-- Data supplied follows --

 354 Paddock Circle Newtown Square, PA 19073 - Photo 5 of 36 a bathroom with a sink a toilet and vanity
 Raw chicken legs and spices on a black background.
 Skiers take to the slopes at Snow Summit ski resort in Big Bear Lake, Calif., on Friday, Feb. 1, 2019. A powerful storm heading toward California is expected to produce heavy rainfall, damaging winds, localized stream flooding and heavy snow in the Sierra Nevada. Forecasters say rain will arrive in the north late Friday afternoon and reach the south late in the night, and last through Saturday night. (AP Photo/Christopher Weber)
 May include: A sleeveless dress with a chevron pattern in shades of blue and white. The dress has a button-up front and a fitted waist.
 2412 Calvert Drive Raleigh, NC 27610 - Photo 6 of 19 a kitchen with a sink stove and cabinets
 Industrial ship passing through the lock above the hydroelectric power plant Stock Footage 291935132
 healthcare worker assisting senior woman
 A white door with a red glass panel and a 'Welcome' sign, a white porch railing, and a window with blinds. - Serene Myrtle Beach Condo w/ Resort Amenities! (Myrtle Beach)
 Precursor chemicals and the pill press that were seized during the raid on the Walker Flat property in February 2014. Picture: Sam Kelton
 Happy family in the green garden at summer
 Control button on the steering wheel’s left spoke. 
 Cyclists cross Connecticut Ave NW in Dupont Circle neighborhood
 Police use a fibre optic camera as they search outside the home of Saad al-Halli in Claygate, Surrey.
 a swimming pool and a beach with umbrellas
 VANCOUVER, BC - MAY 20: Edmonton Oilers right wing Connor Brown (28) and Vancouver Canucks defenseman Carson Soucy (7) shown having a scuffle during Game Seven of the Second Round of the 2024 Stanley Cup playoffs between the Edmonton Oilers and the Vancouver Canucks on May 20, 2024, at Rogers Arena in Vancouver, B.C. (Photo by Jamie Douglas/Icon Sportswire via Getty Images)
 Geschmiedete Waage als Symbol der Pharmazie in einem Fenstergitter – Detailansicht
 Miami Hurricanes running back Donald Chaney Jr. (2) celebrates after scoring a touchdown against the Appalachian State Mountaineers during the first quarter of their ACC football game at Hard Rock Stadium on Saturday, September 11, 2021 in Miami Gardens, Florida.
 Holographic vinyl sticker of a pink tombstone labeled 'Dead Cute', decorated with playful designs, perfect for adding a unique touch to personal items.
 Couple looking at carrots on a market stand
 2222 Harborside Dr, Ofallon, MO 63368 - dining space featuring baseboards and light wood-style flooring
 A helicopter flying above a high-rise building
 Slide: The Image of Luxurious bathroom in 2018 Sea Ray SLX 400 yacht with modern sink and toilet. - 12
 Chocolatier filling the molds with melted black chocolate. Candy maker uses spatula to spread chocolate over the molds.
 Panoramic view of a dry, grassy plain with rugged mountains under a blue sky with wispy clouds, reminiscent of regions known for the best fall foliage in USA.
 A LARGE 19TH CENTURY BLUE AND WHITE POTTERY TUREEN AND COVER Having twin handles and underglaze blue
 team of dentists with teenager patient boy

-- Data supplied concluded --

> What is expected:
The answer must be a single number: the count of lines in the data that contain the word "black".

> Written response:
2